Start of RECORD EXCERPTS
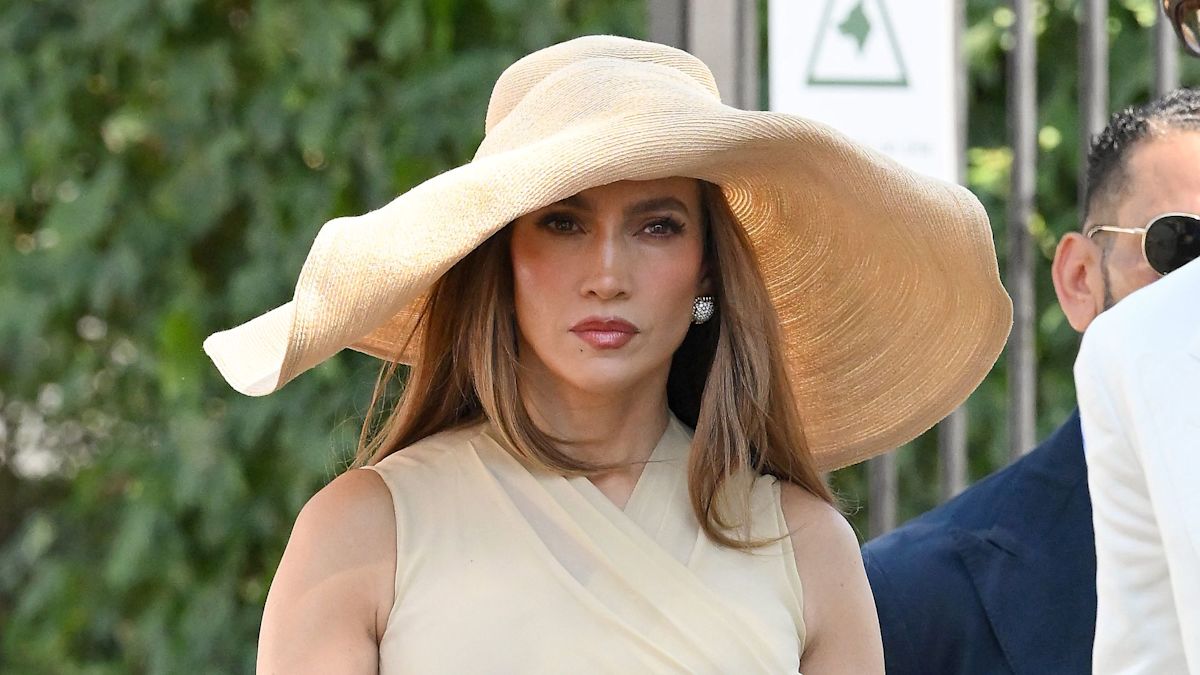 Jennifer Lopez gives modern pin-up girl vibes in a vintage white bikini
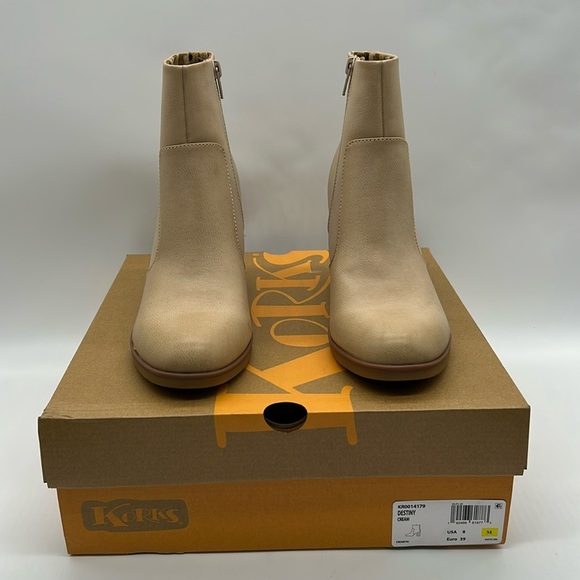 2273- Korks Ankle Boots Cream Colors Size 8 M NWT - Picture 12 of 14
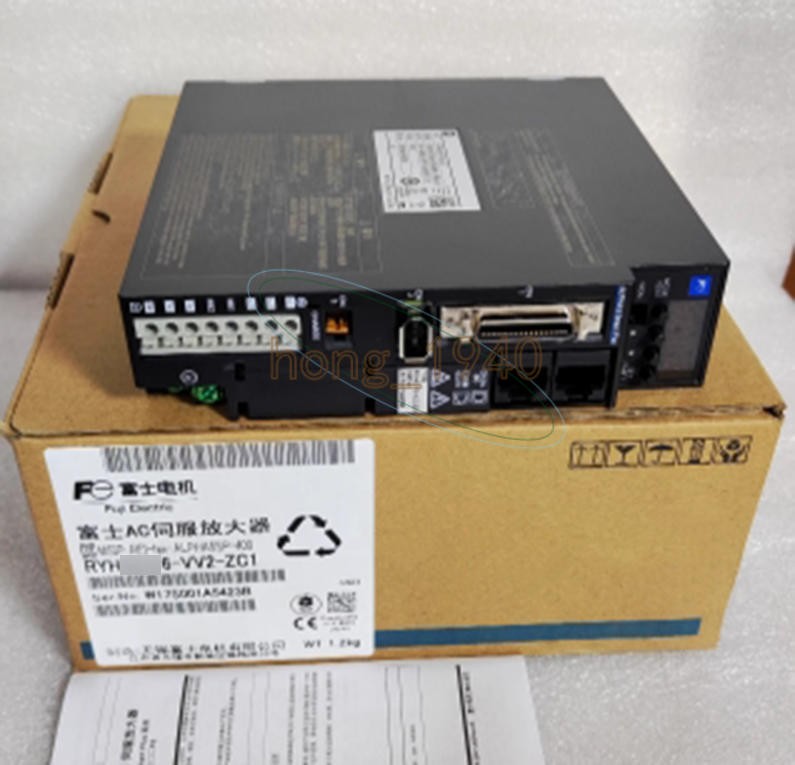 1PCS New Fuji RYH201F6-VV2-ZC1 AC Servo Drive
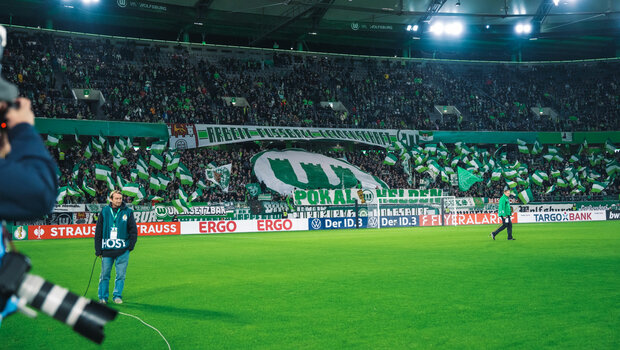 Fans des VfL Wolfsburg mit einer Choreographie in der Nordkurve vor dem Spiel gegen Leipzig..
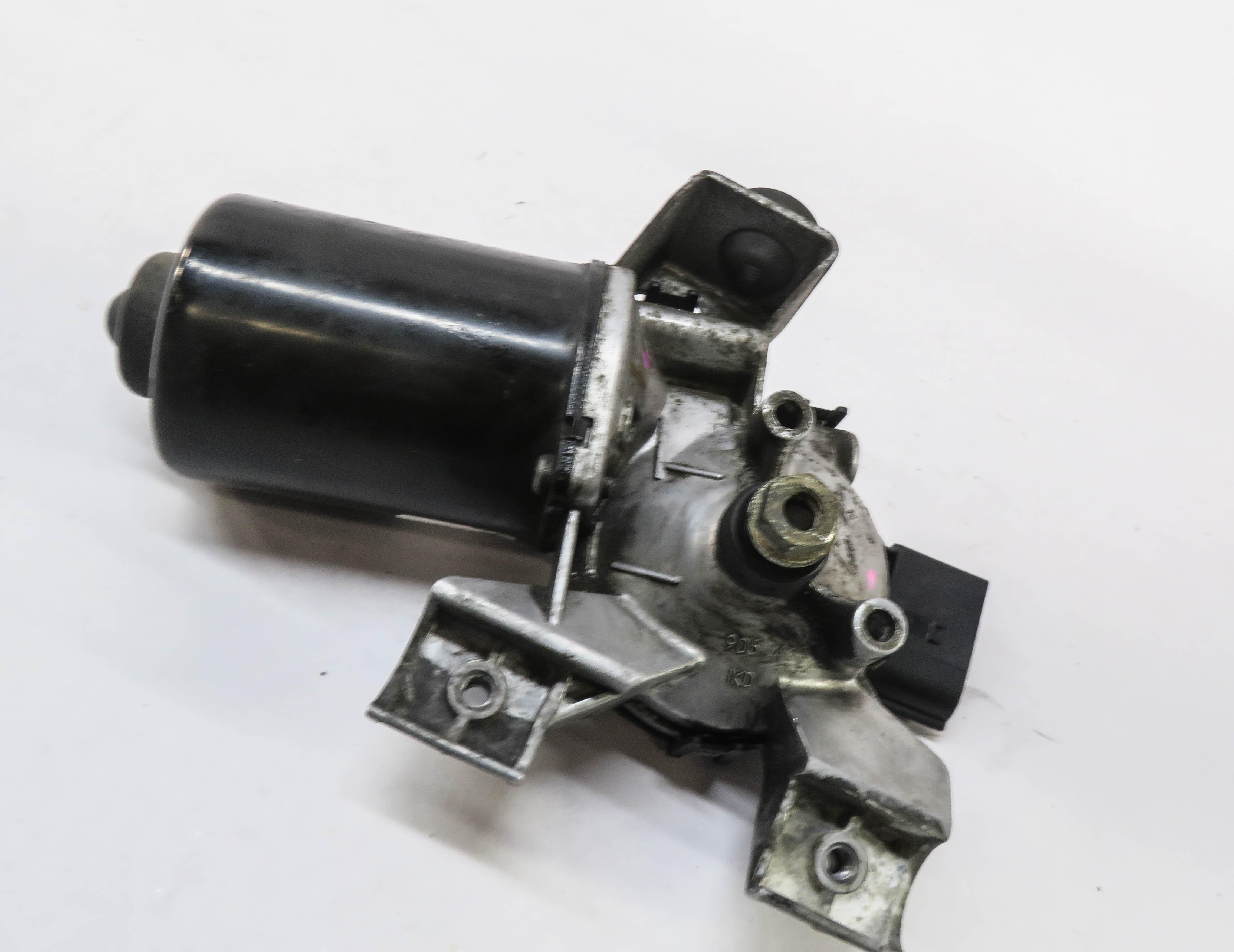 05-16 LAND ROVER LR3 LR4 - RANGE ROVER SPORT (L320) FRONT WINDSHIELD WIPER MOTOR — exact item pictured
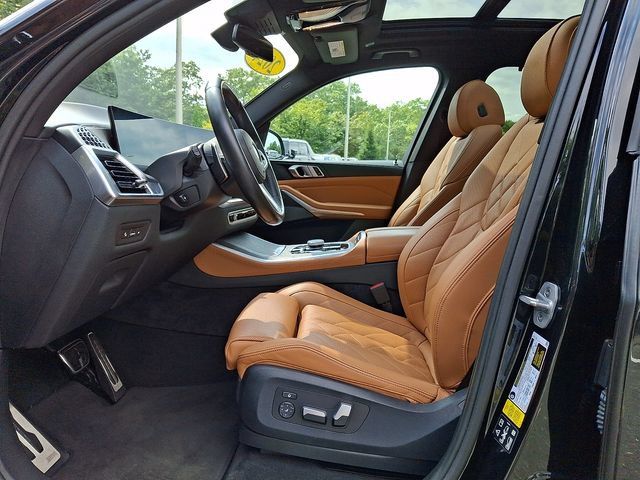 Used 2024 BMW X5 xDrive40i w/ M Sport Package AWD/4WD image 13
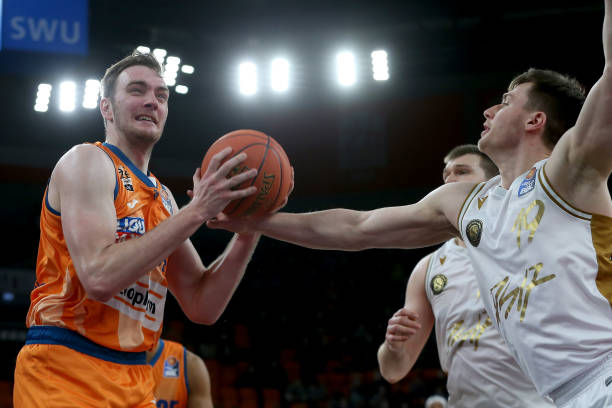 并通过网络 并通过网络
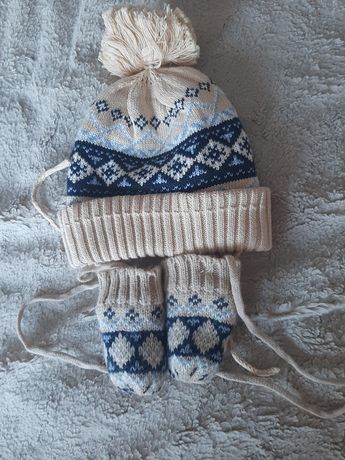 Тепла шапка з рукавичками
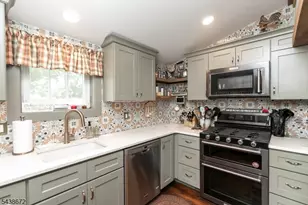 36 Main St, Mount Olive, NJ 07836 - Photo 7
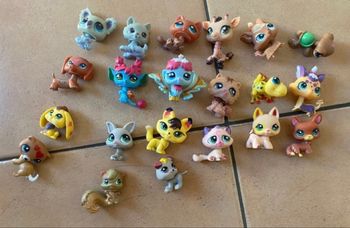 Lot figurines type Petshop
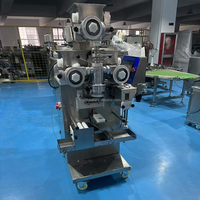 Machine de remplissage et d'enrobage automatique à double trémie pour boulettes de poisson et biscuits bicolores, pour la production en gros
End of RECORD EXCERPTS
# TASK PROMPT
Leave out every picture and write out exactly the lines running from the line containing "Fans des VfL" to the end of the listing above.

# FINISHED EXERCISE
 Fans des VfL Wolfsburg mit einer Choreographie in der Nordkurve vor dem Spiel gegen Leipzig..
 05-16 LAND ROVER LR3 LR4 - RANGE ROVER SPORT (L320) FRONT WINDSHIELD WIPER MOTOR — exact item pictured
 Used 2024 BMW X5 xDrive40i w/ M Sport Package AWD/4WD image 13
 并通过网络 并通过网络
 Тепла шапка з рукавичками
 36 Main St, Mount Olive, NJ 07836 - Photo 7
 Lot figurines type Petshop
 Machine de remplissage et d'enrobage automatique à double trémie pour boulettes de poisson et biscuits bicolores, pour la production en gros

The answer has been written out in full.